13.Bölüm: 'Derinlik'

585 51 42
                                    



Herkesin kalbinin derinliklerine, mutlak suretle işlenmiş bir korku vardı. Kimisi gök gürültüsünden, kimisi karanlıktan, kimisi yalnız kalmaktan, kimisi sevdiklerini kaybetmekten, kimiside kapalı alanda kalmaktan korkardı. On yedi yıllık hayatım boyunca saydığım korkulardan birini bile kalbimde barındırmamıştım. Benim korkum normal insanlarınkinden farklıydı. Çok farklı.

Ben hislerden korkuyordum.

Hissetmekten.

Normal bir insan bu korkumu duyunca gülebilir hatta dalga geçebilirdi ama bende durumlar böyleydi. Hissetmekten ölesiye korkuyordum. Çünkü hislerin insanlığın sonunu getirebilecek güce sahip olduğunu biliyordum. Bir insan hislerine teslim olduğu an savunmasız kalırdı ve savunmasız insanı öldürmek çocuk oyuncağıydı.

Mutluyken, üzgünken, endişeliyken, şaşkınken insan düşmanından gelecek herhangi bir atağı fark edemez, atağın kurbanı olurdu. Hisler bu yüzden insanlığın en büyük düşmanıydı. Ve bence aklı olan herkes hissetmekten korkmalıydı.

Aklı olan herkes hislerinden korkmalıydı.

"Kırk yedi almışsın! Sana inanamıyorum!" Salonda yankılanan halamın sesiyle gözlerimi Sibel'in açtığı magazin programından çekerek halama çevirdim. Düşüncelerim tuzla buz olmuştu. "Kırk yedi, ne demek?" Gizem salondaki büyük masada tek başına yemek yerken halamın ona bağırmasını umursamamışa benziyordu. "Matematikten kırk yedi almak ne demek, Gizem?"

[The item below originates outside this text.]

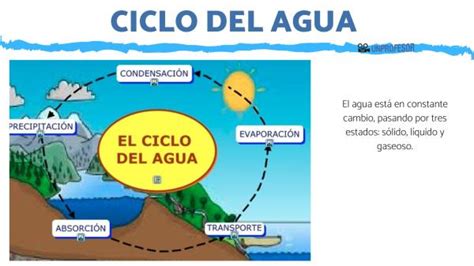 Qué es el ciclo del agua - RESUMEN para niños [con imágenes!]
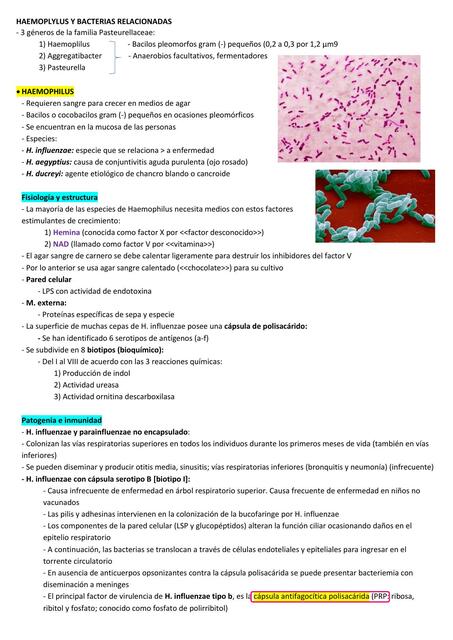 Haemoplylus y Bacterias Relacionadas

Öfke saçan gözleri onda kitlenirken Gizem başında dikilen halamı takmayarak ağzını makarnayla doldurdu. Çilli yüzü gergin gözüküyordu. Her ne kadar umursamaz davransada okuldan geldiğimizden beri gergindi. Bir şey olmuştu. "Nevra bile altmış üç almış! Ki Nevra'nın matematiğe daha doğrusu derslere olan ilgisini az çok hepimiz biliyoruz!"

Kaşlarım havaya kalktı. "Kerim'den altmış üç mü almışım? Ben bir dehayım."

"Kerim hoca diyeceksin!" diye hırladı halam. "Kerim ne?"

"Kerim hocadan altmış üç mü almışım?" dedim alayla. "Ben bir dehayım." Kaşlarımı aynı tepkiyi verebilmek için kaldırdığımda çaprazımdaki koltukta yayılarak oturmuş olan Sibel'in kıkırdadığını duymuştum. Oysaki espiri niyetine söylememiştim. Düşüncelerimdi bunlar. Espiri değil.

Geçen aniden yaptığı mini sınava hazırlıksız yakalanıp çoğu soruyu yarım yamalak çözmüştüm ve buna rağmen bana altmış üç mü vermişti? Ya Kerim'in kafasına taş düşmüş olmalıydı ya da ben kesinlikle matematik dahisiydim.

"O gün ki sınavda kendimi pek iyi hissetmiyordum, anne." diye homurdandı Gizem. Gözleri makarna tabağındaydı.  "Düzeltirim. Sıkıntı yok."

"Düzeltsen iyi edersin, küçük hanım! Bir daha görmeyeceğim böyle bir not!"

"Tamam, anne. Düzelteceğim."

"Söz mü?"

"Söz."

"Pekala. Sana güveniyorum." Halam giydiği siyah bluzun göğüs dekoltesine elini bastırarak derin bir nefes aldı ardından "Ve Sibel!" dedi donukça. Gözleri bize doğru kaydığında kızıl saçlarını ören, bir yandan da magazin programı izleyen Sibel annesine dönmeden "Evet?" diye sordu.

"Yetmiş bir, ne?"

"Bir not." dedim araya girerek. "Bayağı güzel bir not hemde. Ben Kerim'den yetmiş bir alsam okulda 'matematik tanrısı' olduğumu ilan ederim."

Sibel bana tekrardan kıkırdarken halam "Sen bi kes sesini!" diye hırladı. Hırlaması salonun duvarlarına çarpıp yankılanmıştı. Sustuğumu fark ettiğinde Sibel'e geri döndü. Fırsattan istifade üstündeki siyah takımı inceledim. Seksi iş kadınıyım ve evli matematik öğretmenleriyle kırıştırmayı seviyorum adlı kombinini beğenmiştim. "Daha iyisini yapamaz mıydın?"